I ricercatori hanno visitato le case delle coppie durante il terzo trimestre di gravidanza della donna. La bambola che hanno usato era fatta su misura e consisteva in una traversina per neonati con i piedi cucita con sette-otto libbre di riso all'interno per rendere il suo peso simile a un neonato. Sulla traversina con i piedi è stata cucita una testa di bambola di stoffa verde.
Nella procedura videoregistrata, un assistente che interpretava il ruolo di un'infermiera ha presentato il “bambino” a ciascuna coppia.
La sessione di cinque minuti è stata divisa in quattro parti: ogni genitore da giocare con la bambola da solo, poi ci hanno giocato insieme, poi hanno discusso la loro esperienza.
I ricercatori addestrati hanno quindi guardato la videocassetta per cercare quanto la coppia ha collaborato, i loro livelli di giocosità, i livelli di calore familiare, la struttura del gioco e quanto ogni futuro genitore ha mostrato comportamenti genitoriali intuitivi.

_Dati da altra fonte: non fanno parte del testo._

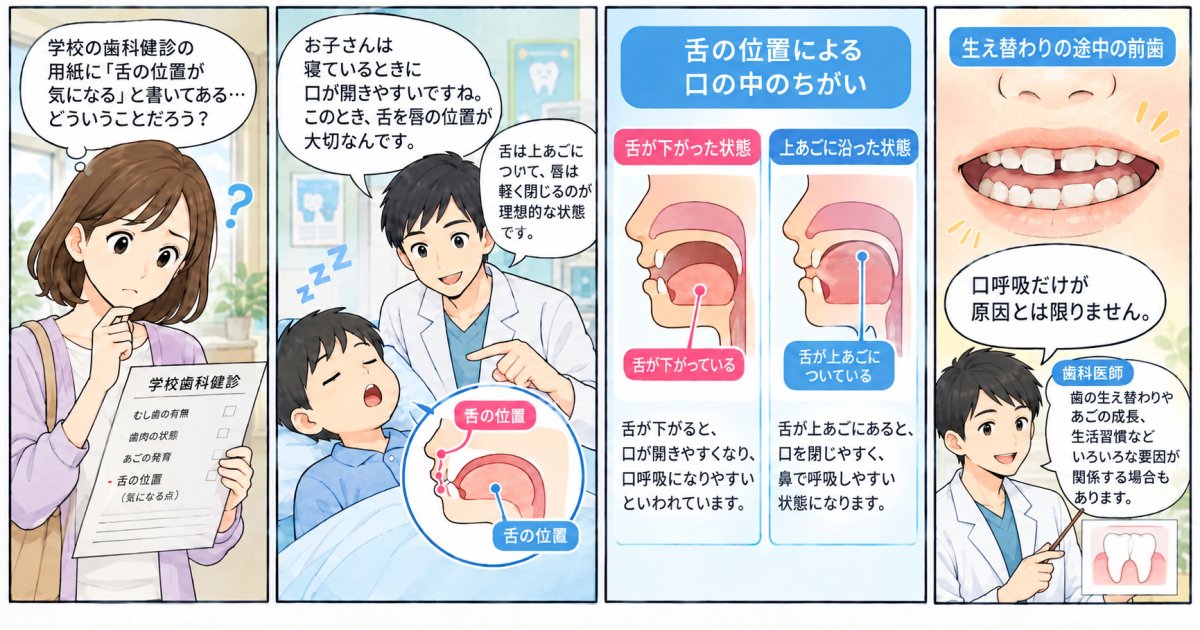 子どもの口呼吸は歯並びに影響する？学校健診の指摘の見方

Nove mesi dopo la nascita del bambino, un diverso team di assistenti di ricerca ha guardato le videocassette dei genitori che giocavano con il loro bambino e ha valutato la qualità del comportamento co-genitoriale delle coppie.

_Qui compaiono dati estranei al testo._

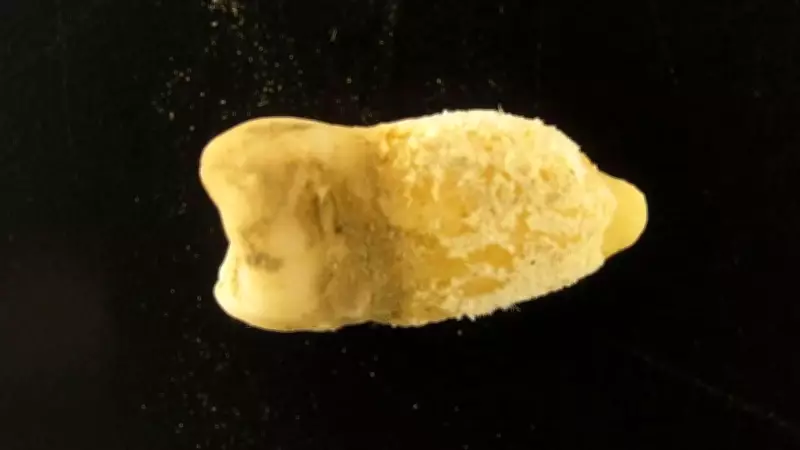 700-Year-Old Mummy Tooth Reveals Ancient Scarlet Fever Bacterium in Bolivia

"È stato sorprendente come i genitori si siano comportati in modo simile nei confronti della bambola e del loro bambino", ha detto Schoppe-Sullivan.
“Alcune delle coppie erano molto positive e si dicevano cose carine sulla loro genitorialità. Con la bambola potrebbero dire: "Diventerai un papà così fantastico". Dopo la nascita del bambino, il loro discorso sarà molto simile: "Sei così naturale". "

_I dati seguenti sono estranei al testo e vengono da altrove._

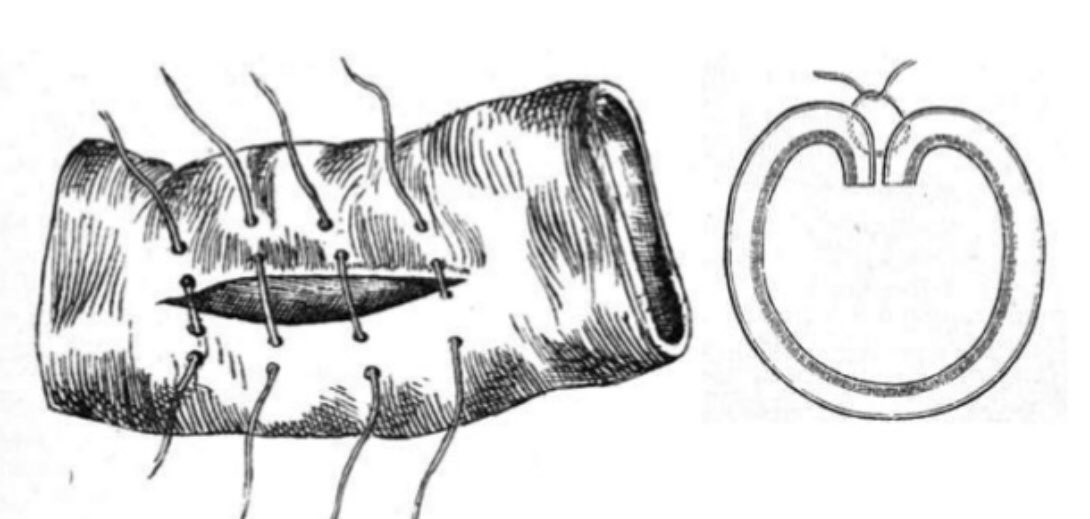 PipeCabreraV's tweet photo. Surgeons in history: Antoine Lembert studied under Guillaume Dupuytren in Paris, where he was epidemiologist to the Seine-Département. In 1828 he won a prize from the Académie des sciences for his Essai sur la méthode endermique. He is remembered for the intestine suture! https://t.co/fGWkCS35x3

“Ma altri non erano così gentili con il loro partner, sia che giocassero con la bambola o con il bambino. Potrebbero dire cose come "Non hai intenzione di tenere in braccio il vero bambino in quel modo, vero?" Erano critici l'uno con l'altro ", ha detto.
I ricercatori hanno sottolineato che la relazione di co-genitorialità esaminata in questo studio non è la stessa della relazione romantica della coppia tra loro.
Come parte dello studio, ogni coppia ha anche completato le misurazioni della loro relazione di coppia, che ha chiesto a ciascuna persona, tra le altre voci, di valutare la propria felicità generale nella relazione.
Gli assistenti di ricerca hanno anche osservato ogni coppia durante la visita prenatale a casa e valutato la qualità delle loro interazioni tra loro ma senza la bambola.
I risultati hanno mostrato che il modo in cui le coppie hanno "co-genitore" la bambola hanno contribuito con informazioni uniche per capire quanto bene avrebbero co-genitore il loro vero bambino.
"La co-genitorialità e le relazioni di coppia non sono le stesse", ha detto Schoppe-Sullivan.